However in the mod file standard deviation terms (i.e. sigmas) and lag terms (in 2nd and 3rd equations) are not included.
[name='Preference Shock']
log(d)=rhod*log(d(-1))+epsd;
[name='Labor disutility Shock']
log(phi)=rhophi*log(phi(-1))+epsphi;
[name='Investment specific technology']
log(mu_I)=Lambdamu+epsmu_I;
[name='Neutral technology']
log(mu_A)=LambdaA+epsA;
[name='Taylor Rule']
R/Rbar=(R(-1)/Rbar)^gammmaR*((PI/PIbar)^gammmaPI*((yd/yd(-1)*mu_z)/exp(LambdaYd))^gammmay)^(1-gammmaR)*exp(epsm);
- I would like to know what is the reason for this set up?

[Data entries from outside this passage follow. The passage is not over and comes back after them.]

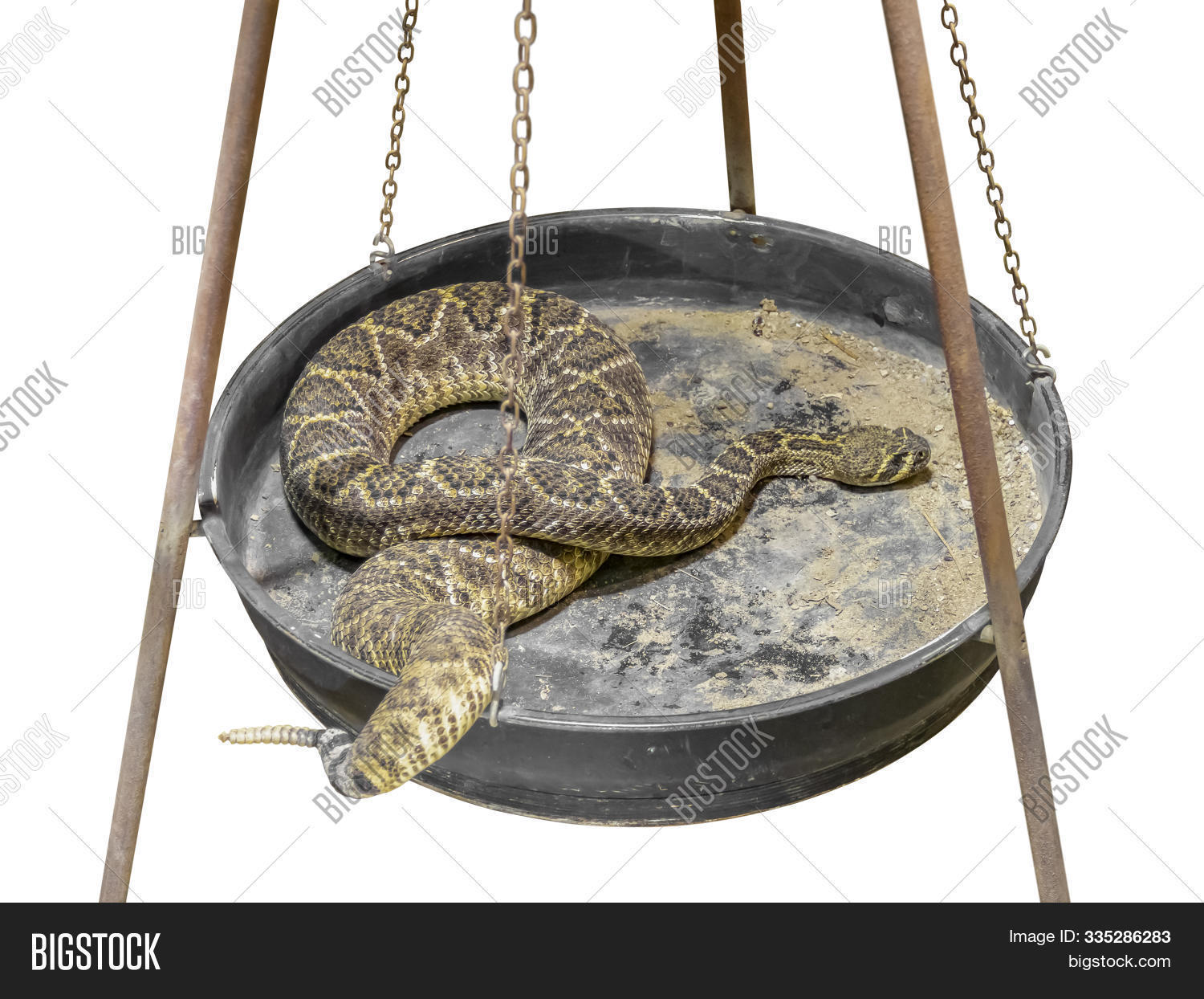 adobe,animal,arizona,atrox,buzz,creature,crotalus,dangerous,desert,diamond,diamond-back,diamond-backed,diamondback,fierce,hazardous,isolated,metal,pan,pit,pot,rattler,rattlesnake,reptile,snake,spitting,tail,texan,texas,toxic,venomous,vertebrate,viper,western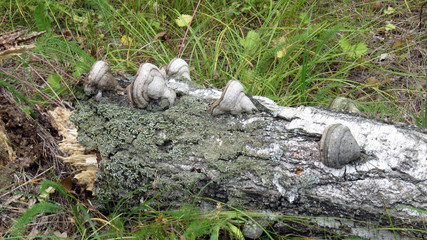 Mushroom on broken stump among grass in summer forest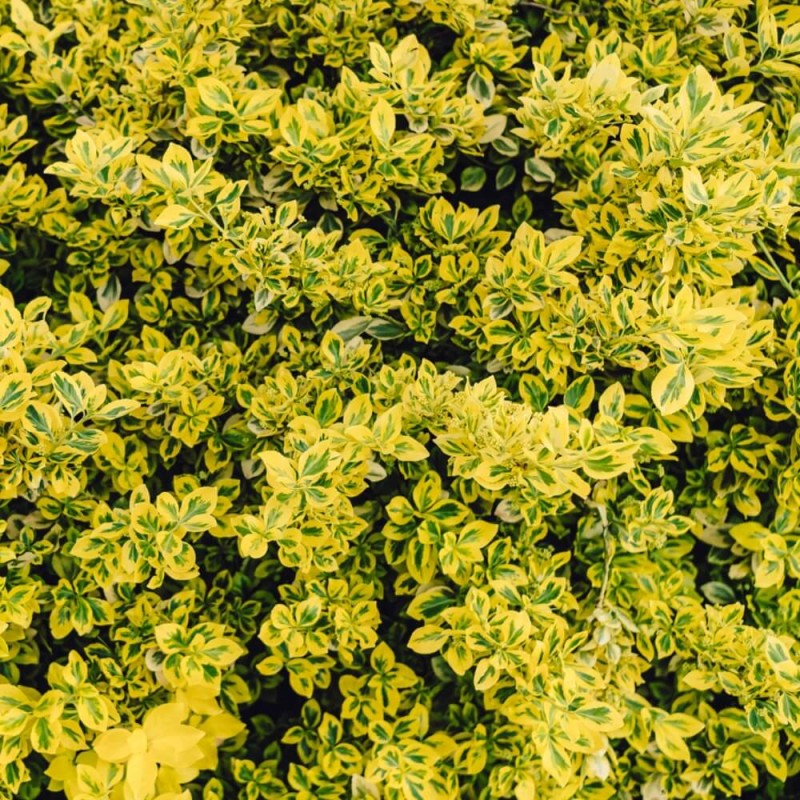 Trzmielina Fortunea EMERALD GOLD (Euonymus fortunei) Sadzonka P9.jpg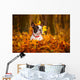 Portrait of french bulldog in autumnal scenery Wall Mural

- Does it has any consequence on the estimation result?
 
            
              
              
              
            
            
           
          
            
            
              Thank you professor.
Is it possible to define sigma terms as model local variables like below;
#sigma_A = log(sigma_A_trans);
#sigma_d = log(sigma_d_trans);
#sigma_phi = log(sigma_phi_trans);
#sigma_mu = log(sigma_mu_trans);
#sigma_m = log(sigma_m_trans);
So that I can estimate them as per below?;
sigma_A_trans,	inv_gamma_pdf,  0.1,     	2; 	
sigma_d_trans,	inv_gamma_pdf,  0.1,     	2;  	
sigma_phi_trans,inv_gamma_pdf,  0.1,     	2;  
sigma_mu_trans,	inv_gamma_pdf,  0.1,     	2;  	
sigma_m_trans,	inv_gamma_pdf,  0.1,     	2;  
             
            
              
              
              
            
            
           
          
            
            
              No, that won’t work. You should change the file to look like this:
             
            
              
              
              
            
            
           
          
            
            
              Thank you professor.
I’m planning on including measurement error terms in the observation equations for wage growth, gdp growth, and inflation using Dynare capabilities. Can you give me a guidance on how to go about determining the shapes of the distribution and standard deviations for these error terms?
             
            
              
              
              
            
            
           
          
            
            
              I would suggest to have a look at other papers using measurement error. One option is to use a uniform distribution with an upper bound equal to e.g. one quarter of the variance.
             
            
              
              
              
            
            
           
          
            
            
              Thank you professor.
I’ve noticed estimation works for a certain portion of my data set but for the rest I get “error: chol: input matrix must be positive definite”. I’m using mode compute = 4. Could you tell me what causes this error?
             
            
              
              
              
            
            
           
          
            
            
              You’re most likely starting to sample the posterior distribution from a flat area. See this explanation of the algorithm behind mode_compute=6 and this post: Error: chol: input matrix must be positive definite - #2 by jpfeifer
             
            
              
              
              
            
            
           
          
            
            
              Just to be clear, once I’ve have my mod file modified as per above, can I specify sigma terms directly as below in the estimation block?;
sigma_d, inv_gamma_pdf, 0.1, 2;
sigma_phi, inv_gamma_pdf, 0.1, 2;
sigma_A, inv_gamma_pdf, 0.1, 2;
sigma_m, inv_gamma_pdf, 0.01, 2;
sigma_mu, inv_gamma_pdf, 0.01, 2;
             
            
              
              
              
            
            
           
          
            
            
              Yes. Can you provide the current version to check?
             
            
              
              
              
            
            
           
          
          
            
            
              Thank you for checking the code professor.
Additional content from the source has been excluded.